Abertura Ariano MatheusMelo

Ao enxergar a arte como um acerto de contas com a realidade, ainda muito jovem, o escritor Ariano Suassuna (1927-2014) foi impelido a lançar-se na criação de seu universo mítico: sob suas visagens, o mundo assumia a forma de um circo, por onde desfilavam personagens a desafiar a crueza dos dias. Passados nove anos de sua morte, completados em 23 de julho, as figuras que compõem a sua criação seguem em cortejo, ocupando as múltiplas faces de um picadeiro literário, em diversos gêneros: poesia, teatro, romance, ensaio.

Os meses finais de 2023 e também o ano de 2024 anunciam colheitas que vão além dos livros, com ainda mais luz sobre sua arena circense, a partir da nova adaptação para o cinema tendo como guia a sua obra mais conhecida, o Auto da Compadecida; a exposição que circula pelo Brasil, desde o início de 2022, chega a Pernambuco em outubro deste ano, reunindo peças de arte e encontros de música, dança e debates para celebrar o Armorial, movimento liderado pelo escritor em 1970, cujo cerne é a criação de uma arte erudita a partir das raízes populares da cultura brasileira.

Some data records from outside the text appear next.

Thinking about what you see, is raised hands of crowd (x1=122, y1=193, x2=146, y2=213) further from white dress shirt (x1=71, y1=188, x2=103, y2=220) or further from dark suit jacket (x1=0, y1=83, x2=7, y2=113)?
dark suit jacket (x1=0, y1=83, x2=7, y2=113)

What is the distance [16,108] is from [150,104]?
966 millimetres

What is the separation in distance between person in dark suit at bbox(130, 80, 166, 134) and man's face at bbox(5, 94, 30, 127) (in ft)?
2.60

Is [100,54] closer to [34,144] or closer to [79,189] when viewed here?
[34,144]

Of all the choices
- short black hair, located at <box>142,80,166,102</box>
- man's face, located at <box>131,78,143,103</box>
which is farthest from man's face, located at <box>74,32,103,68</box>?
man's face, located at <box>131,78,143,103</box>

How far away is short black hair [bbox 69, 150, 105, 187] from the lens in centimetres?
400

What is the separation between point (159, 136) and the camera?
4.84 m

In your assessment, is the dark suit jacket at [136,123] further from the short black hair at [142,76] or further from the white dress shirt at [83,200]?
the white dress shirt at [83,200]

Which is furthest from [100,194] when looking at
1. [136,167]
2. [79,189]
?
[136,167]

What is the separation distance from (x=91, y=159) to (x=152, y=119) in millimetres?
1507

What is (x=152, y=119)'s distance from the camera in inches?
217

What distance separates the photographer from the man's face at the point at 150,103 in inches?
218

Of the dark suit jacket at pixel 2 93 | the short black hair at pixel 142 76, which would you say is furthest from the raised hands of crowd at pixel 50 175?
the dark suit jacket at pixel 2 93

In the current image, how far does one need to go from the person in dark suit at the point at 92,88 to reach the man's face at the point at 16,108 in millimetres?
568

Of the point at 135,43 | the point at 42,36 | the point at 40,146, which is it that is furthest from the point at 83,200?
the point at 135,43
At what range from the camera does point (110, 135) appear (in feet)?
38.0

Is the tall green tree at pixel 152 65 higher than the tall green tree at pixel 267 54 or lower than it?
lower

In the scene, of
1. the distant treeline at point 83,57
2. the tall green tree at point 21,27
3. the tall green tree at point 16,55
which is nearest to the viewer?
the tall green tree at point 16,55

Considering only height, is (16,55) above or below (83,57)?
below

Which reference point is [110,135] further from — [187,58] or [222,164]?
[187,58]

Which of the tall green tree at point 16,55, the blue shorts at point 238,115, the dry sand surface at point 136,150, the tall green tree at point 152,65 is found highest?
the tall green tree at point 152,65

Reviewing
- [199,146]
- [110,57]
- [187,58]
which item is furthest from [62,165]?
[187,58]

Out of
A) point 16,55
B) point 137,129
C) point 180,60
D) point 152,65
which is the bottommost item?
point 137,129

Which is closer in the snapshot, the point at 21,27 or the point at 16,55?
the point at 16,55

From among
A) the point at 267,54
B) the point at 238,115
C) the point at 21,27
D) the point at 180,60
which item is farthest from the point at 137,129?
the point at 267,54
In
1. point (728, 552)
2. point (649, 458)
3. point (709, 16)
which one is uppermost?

Se pujança se mede também com lançamentos literários, a Editora Nova Fronteira, que publica a obra de Ariano Suassuna desde 2016, faz balanço para aquilatar o que já chegou às prateleiras: diversos relançamentos e nove obras inéditas − sete peças e dois romances − incluindo o livro ao qual o autor se dedicou durante mais de trinta anos, tido como uma espécie de testamento literário, o Romance de Dom Pantero no Palco dos Pecadores.

Entre as novidades, a mais recente é História d’O Rei Degolado nas Caatingas do Sertão, apresentado em dois volumes: Ao Sol da Onça Caetana e As Infâncias de Quaderna. A obra retoma os relatos de Pedro Dinis Ferreira-Quaderna, narrador do Romance d’A Pedra do Reino, em novos depoimentos feitos ao Juiz Corregedor. No prefácio da obra, Carlos Newton Júnior − professor, poeta, ensaísta e exímio especialista na obra de Ariano, com quem trabalhou e conviveu por quase trinta anos − explica que ela foi originalmente pensada como o segundo volume de uma trilogia, iniciada com A Pedra do Reino, “de título tão extenso quanto os dos extensos romances que a comporiam − A Maravilhosa Desaventura de Quaderna, O Decifrador e a Demanda Novelosa do Reino do Sertão”.

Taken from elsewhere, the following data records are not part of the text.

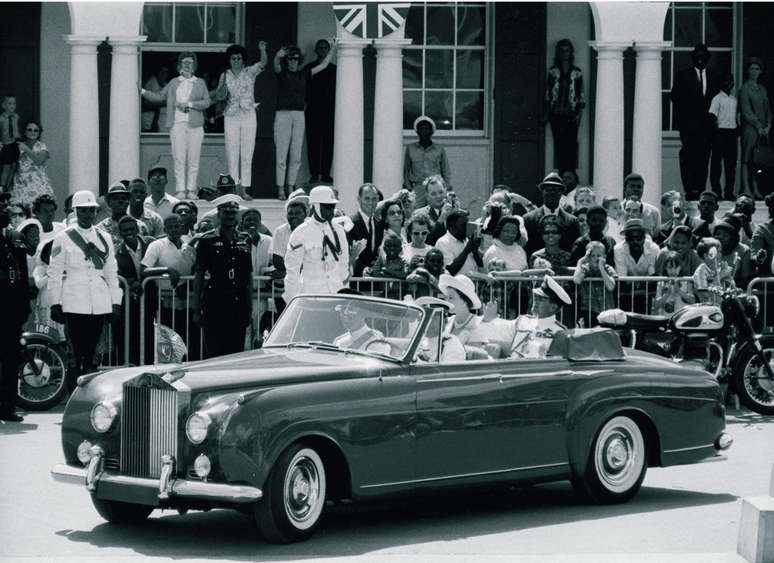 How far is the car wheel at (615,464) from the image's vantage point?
11023 mm

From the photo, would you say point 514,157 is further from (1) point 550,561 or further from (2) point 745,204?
(1) point 550,561

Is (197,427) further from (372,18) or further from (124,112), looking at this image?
(124,112)

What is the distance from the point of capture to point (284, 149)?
70.3ft

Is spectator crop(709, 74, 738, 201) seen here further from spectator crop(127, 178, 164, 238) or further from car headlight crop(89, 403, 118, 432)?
car headlight crop(89, 403, 118, 432)

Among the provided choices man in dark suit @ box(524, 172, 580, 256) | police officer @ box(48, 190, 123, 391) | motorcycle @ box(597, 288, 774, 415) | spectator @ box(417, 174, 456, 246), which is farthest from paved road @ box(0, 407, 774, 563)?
spectator @ box(417, 174, 456, 246)

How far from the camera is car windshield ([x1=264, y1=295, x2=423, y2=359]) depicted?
10.5m

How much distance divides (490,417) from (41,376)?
6.06 metres

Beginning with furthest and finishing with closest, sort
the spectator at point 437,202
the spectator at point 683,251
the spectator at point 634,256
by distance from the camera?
the spectator at point 437,202, the spectator at point 634,256, the spectator at point 683,251

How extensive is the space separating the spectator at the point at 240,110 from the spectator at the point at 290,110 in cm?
28

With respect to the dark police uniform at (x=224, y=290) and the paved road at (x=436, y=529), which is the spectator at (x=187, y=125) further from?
the paved road at (x=436, y=529)

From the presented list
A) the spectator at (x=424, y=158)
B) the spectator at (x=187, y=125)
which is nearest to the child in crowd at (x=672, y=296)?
the spectator at (x=424, y=158)

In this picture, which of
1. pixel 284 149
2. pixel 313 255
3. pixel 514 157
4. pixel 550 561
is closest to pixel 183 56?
pixel 284 149

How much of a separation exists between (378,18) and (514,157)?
4025 millimetres

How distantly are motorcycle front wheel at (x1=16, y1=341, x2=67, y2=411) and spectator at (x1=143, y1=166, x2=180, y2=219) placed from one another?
3.25m
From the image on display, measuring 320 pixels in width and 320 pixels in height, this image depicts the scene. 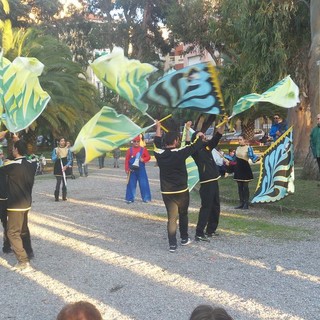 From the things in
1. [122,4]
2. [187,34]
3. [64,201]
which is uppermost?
[122,4]

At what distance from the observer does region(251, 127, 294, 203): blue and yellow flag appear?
28.8 feet

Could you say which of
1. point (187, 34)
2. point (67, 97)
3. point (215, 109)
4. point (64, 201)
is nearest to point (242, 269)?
point (215, 109)

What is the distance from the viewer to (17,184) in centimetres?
605

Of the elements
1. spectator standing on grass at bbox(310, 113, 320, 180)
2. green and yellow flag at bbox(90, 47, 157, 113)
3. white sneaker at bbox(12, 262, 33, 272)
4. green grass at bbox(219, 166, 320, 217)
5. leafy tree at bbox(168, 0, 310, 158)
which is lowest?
green grass at bbox(219, 166, 320, 217)

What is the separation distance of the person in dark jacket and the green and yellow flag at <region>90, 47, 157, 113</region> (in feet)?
5.10

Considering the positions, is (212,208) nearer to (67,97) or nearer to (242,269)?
(242,269)

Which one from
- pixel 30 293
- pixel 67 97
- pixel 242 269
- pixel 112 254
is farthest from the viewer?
pixel 67 97

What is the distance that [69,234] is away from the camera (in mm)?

Ainda no prefácio, ele esclarece que ganha ainda mais força, n’O Rei Degolado, a “fusão de realidade e fantasia que serviu de matéria para a realização de A Pedra do Reino. A narrativa ficcional se apresenta como um amálgama bastante complexo de fatos históricos, lenda, mito e memória, sendo esta última, certamente, o elemento predominante na sua composição − tanto a memória pessoal do autor quanto a memória familiar que lhe foi transmitida, ora menos transfigurada no processo de criação literária, em Ao Sol da Onça Caetana, ora mais, em As Infâncias de Quaderna”.

Desde 2014, Carlos Newton assumiu, a convite da família Suassuna e atendendo ainda a um desejoexplícito do escritor, o papel de decifrador de centenas de manuscritos deixados por Ariano. “Quando ele se encantou, a família me pediu para fazer um projeto editorial que levasse em conta as obras já editadas e as inéditas, que eu conhecia muito bem, a partir da leitura dos originais”, explica.

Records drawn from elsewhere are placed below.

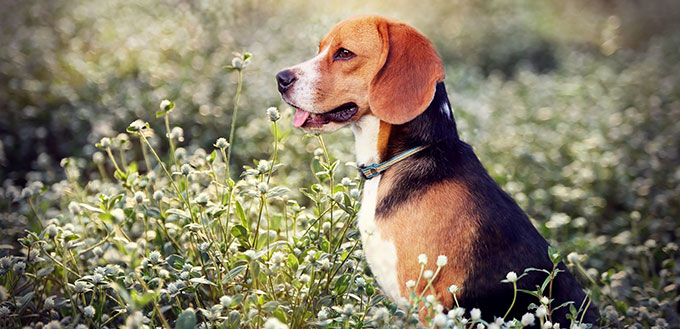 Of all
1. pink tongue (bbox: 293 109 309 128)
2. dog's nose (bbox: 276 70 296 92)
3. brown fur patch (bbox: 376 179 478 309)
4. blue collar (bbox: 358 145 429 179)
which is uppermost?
dog's nose (bbox: 276 70 296 92)

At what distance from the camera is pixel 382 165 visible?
228cm

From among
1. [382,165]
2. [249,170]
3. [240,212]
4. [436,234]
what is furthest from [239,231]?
[436,234]

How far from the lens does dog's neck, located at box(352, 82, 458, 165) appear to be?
7.34ft

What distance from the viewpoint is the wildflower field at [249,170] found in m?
2.16

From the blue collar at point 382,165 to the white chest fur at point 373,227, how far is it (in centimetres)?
3

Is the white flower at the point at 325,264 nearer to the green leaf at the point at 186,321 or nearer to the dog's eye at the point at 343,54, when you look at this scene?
the green leaf at the point at 186,321

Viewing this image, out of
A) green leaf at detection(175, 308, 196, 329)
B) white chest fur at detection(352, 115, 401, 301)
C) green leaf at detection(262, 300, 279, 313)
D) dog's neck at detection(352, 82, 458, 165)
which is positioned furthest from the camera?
dog's neck at detection(352, 82, 458, 165)

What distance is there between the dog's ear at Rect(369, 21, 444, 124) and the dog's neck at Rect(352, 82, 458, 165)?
7 cm

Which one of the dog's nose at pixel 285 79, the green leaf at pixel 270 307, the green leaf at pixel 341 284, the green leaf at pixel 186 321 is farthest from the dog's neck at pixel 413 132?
the green leaf at pixel 186 321

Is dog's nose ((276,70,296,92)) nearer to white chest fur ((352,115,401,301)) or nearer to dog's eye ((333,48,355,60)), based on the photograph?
dog's eye ((333,48,355,60))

Além da responsabilidade de editar obras de um autor não mais presente entre nós, Carlos Newton aponta seu principal desafio, sabendo-se que Ariano corrigia e refazia, muitas vezes, as suas criações: “O maior desafio se encontra na fixação de textos que ele deixou em datiloscritos e manuscritos, e muitas vezes com variantes. Qual a variante mais recente? Até que ponto determinada observação em manuscrito, à margem de um datiloscrito sem rasuras, seria, de fato, encampada pelo autor? São questões muito delicadas, que procuro solucionar levando em consideração nossas inúmeras conversas ao longo de quase trinta anos”.

Ele também ressalta que, sob o ponto de vista do resultado editorial, ter a coordenação artística de Manuel Dantas Suassuna, artista plástico e filho do escritor, e os projetos gráficos assinados por Ricardo Gouveia de Melo, que também conviveu e trabalhou com o autor, “são uma preciosidade à parte, pois ressaltam o valor visual do universo de Ariano e consequentemente ajudam o leitor a penetrar de modo mais profundo no universo mais especificamente literário”.

Manuel Dantas Suassuna coordena, junto com a mãe, Zélia Suassuna, as quatro irmãs, dois dos sobrinhos e a colaboração de Carlos Newton, as decisões sobre a perpetuação da obra do pai. Acredita que, assim, está seguindo o caminho que ele gostaria que fosse trilhado? “Acredito que sim”, responde Dantas. “Em 2013 (ano em que Ariano sofreu um infarto), tive uma conversa com ele, planejamos tudo o que deveria ser feito após a sua partida, depois do encantamento. Então, penso que ele esteja feliz, sim, com a forma com a qual está sendo tratada a sua obra, os encaminhamentos e escolhas que vêm sendo feitos.”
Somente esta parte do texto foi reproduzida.